Ну, довольно. У меня нет слов, сил… охоты… бить в пустую дверь! Не слышишь… — твое дело. Я все сказал.
Последнее: я тебя люблю, ценю, верю в тебя и… прошу: образумься!..
Целую тебя, дорогая безумица, безволька!
Целую и — верю, что ты возьмешь себя в клёпки.
Твой Ваня
155
О. А. Бредиус-Субботина — И. С. Шмелеву
5. Х.46
Дорогой мой именинник,
С Днем ангела тебя! Да будет он, как и последующие дни, радостен и светел! Заказала цветы, но не знаю, доставят ли.
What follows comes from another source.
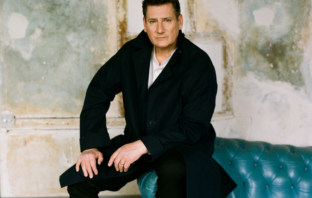 Tony Hadley ospite al RED Bistrot Feltrinelli di Valmontone Outlet lunedì 20 maggio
В том магазине, что послал к рожденью, я узнала, что они не заказ «Fleurop’y» дали, а просто послали в аэроплане из Голландии. Была там, и они мне отказали в посылке еще раз, т. к. их якобы оштрафовали и они потерпели убыток. Я не удивляюсь тогда, почему розы были хороши. Они голландские, а здесь они чудесны, как и всякие цветы. Осенью тут глаз не оторвать. Шеф магазина действительно постарался. Молодец! Ты назвал мне отправлявший магазин в Амстердаме — это самый первый в стране. Теперь они утверждают, что и Fleurop’ом нельзя, но мне кажется, что они не состоят в нем — не видала «медальона». Заказала в другом. Посмотрю, что выйдет.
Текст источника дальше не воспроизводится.